Just hours after the Spanish government announced Brits would be welcomed back to Spain on Sunday, the its Foreign Minister said we might have to go into quarantine when we arrive.
Arancha Gonzalez Laya told the BBC this morning that if the UK keeps its mandatory quarantine in place, it might introduce a quarantine for Brits arriving in Spain.
Speaking on the HARDtalk programme, she said: “We will be checking what the UK will be doing and we will be in a dialogue with the UK to see whether or not we should be introducing reciprocity as they have different measures than the rest of the European Union.”
Laya described the situation as ‘fluid’, adding that officials would like to ‘properly engage in a dialogue with the UK authorities to make sure that we both take the message that best corresponds to the health situation, which today is a little bit better in Spain than it is in the UK’.

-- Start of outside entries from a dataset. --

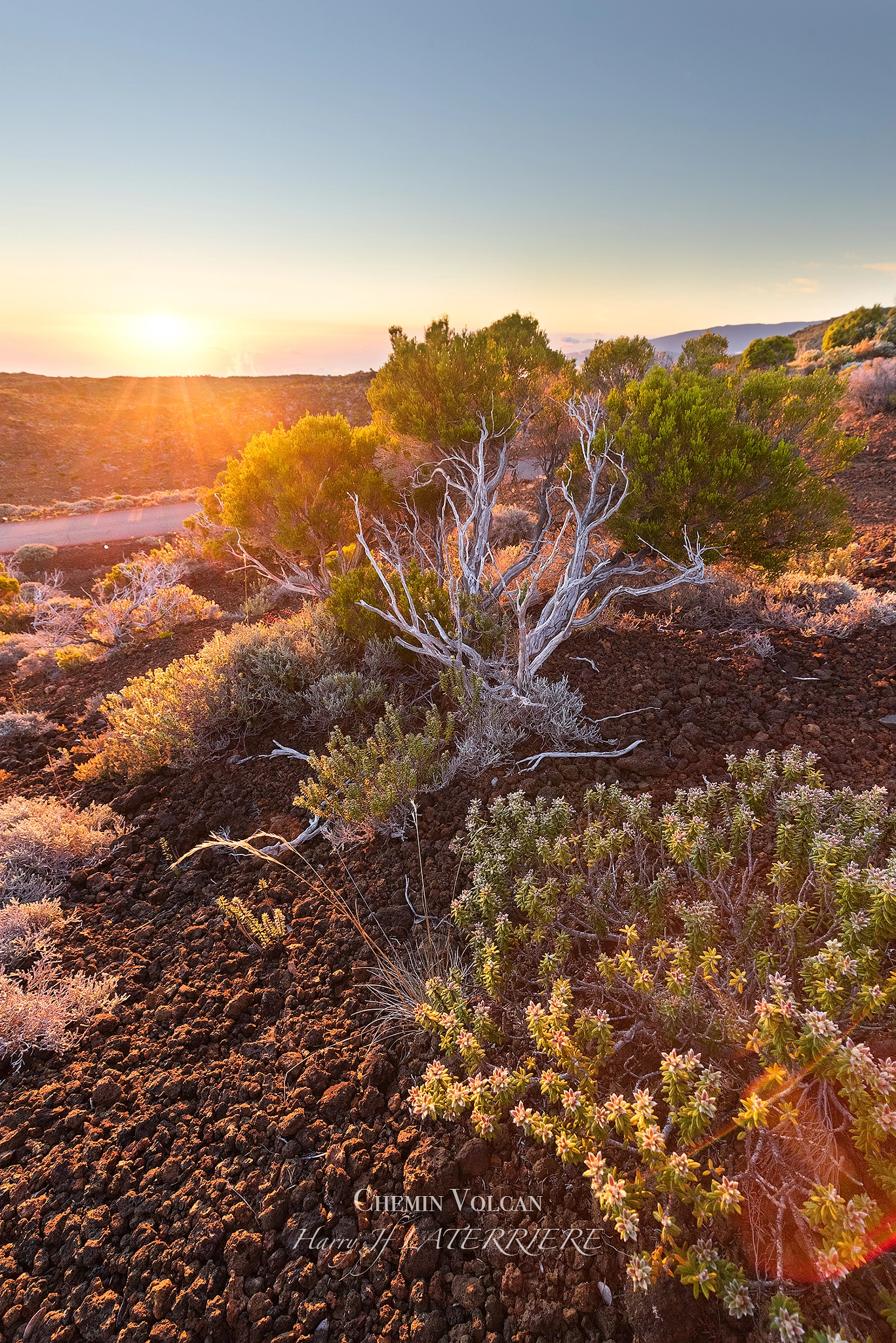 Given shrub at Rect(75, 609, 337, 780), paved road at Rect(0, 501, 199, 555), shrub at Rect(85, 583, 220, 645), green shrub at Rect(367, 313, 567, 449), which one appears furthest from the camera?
paved road at Rect(0, 501, 199, 555)

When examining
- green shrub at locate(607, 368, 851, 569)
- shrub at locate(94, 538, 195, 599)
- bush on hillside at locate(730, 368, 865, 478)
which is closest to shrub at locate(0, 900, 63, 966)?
green shrub at locate(607, 368, 851, 569)

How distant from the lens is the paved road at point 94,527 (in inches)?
521

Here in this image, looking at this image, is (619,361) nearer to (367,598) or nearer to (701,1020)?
(367,598)

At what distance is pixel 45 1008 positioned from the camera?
2.29m

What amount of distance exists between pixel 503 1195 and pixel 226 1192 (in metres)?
0.89

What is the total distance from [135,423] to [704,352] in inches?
1225

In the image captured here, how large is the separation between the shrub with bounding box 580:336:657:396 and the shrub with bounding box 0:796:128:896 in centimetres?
851

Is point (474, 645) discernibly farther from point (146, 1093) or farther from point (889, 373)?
point (889, 373)

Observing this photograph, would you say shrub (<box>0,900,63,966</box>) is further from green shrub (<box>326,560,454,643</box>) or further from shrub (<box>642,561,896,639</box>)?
shrub (<box>642,561,896,639</box>)

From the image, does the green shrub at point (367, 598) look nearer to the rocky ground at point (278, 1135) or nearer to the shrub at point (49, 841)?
the rocky ground at point (278, 1135)

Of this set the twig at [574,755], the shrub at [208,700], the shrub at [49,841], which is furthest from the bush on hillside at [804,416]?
the shrub at [49,841]

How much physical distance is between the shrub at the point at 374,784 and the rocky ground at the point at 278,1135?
133 mm

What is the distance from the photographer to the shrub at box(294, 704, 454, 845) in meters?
3.08

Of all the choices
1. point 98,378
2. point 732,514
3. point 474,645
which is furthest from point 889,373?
point 98,378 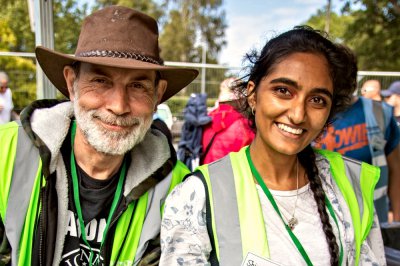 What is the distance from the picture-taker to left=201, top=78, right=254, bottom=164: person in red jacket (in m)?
3.25

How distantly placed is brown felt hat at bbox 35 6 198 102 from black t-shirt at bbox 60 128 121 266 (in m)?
0.48

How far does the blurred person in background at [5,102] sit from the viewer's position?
5.53 meters

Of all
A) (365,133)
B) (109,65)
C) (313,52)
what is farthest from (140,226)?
(365,133)

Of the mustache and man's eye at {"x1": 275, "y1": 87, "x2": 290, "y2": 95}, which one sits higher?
man's eye at {"x1": 275, "y1": 87, "x2": 290, "y2": 95}

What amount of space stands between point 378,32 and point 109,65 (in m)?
18.8

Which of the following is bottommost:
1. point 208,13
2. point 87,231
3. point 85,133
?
point 87,231

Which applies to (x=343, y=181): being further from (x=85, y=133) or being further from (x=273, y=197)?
(x=85, y=133)

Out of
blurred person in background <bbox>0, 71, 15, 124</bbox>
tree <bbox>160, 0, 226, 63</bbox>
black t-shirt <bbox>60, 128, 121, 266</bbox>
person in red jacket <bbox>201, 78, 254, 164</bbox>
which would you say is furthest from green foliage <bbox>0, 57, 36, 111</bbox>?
tree <bbox>160, 0, 226, 63</bbox>

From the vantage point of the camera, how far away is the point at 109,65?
148 cm

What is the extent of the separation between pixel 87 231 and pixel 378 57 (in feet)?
63.9

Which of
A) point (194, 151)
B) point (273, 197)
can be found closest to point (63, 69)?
point (273, 197)

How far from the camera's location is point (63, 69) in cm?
180

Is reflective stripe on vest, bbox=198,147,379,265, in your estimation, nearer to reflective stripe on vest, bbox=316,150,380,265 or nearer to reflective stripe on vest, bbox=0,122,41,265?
reflective stripe on vest, bbox=316,150,380,265

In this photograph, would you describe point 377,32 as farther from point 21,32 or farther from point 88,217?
point 88,217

The UK imposed a mandatory two-week quarantine on almost everyone entering the UK on June 8. The Government has indicated the quarantine will remain in place at least until June 29 when the measure will be reviewed, but Laya said: “Hopefully by the time we open our borders, the UK would have moved forward also.”
So, in summary, don’t go booking a holiday just yet.
There’s also the problem that the Foreign and Commonwealth Office (FCO) is continuing to advise against all non-essential travel, which doesn’t necessarily mean that you can’t go to Spain but it does means travel companies can’t take you there, so you’d have to book a flight and accommodation separately.
Also, until the FCO says it’s okay to travel again, you’ll struggle to get travel insurance to cover a trip to Spain or anywhere else for that matter.
How safe is Spain?
Spain was one of countries worst affected by coronavirus, but it hasn’t recorded nearly as many cases as the UK and it seems to have got the virus under control, although everyone is legally obliged to wear a face covering in crowed places, just in case.
In total, Spain has recorded just over 27,000 deaths due to coronavirus, compared to well over 41,000 in the UK.
There were 27 coronavirus-related deaths in Spain last week, which is more than the number of people still dying of the disease every day in the UK.
On balance, it would seem that it’s certainly no less safe in Spain than in the UK, but anyone who travels against the FCO advice is unlikely to be covered by their travel insurance. If you get sick, you should get medical treatment under the EHIC scheme (apply before you go), but this wouldn’t cover repatriation if you were poorly enough to need to be flown home.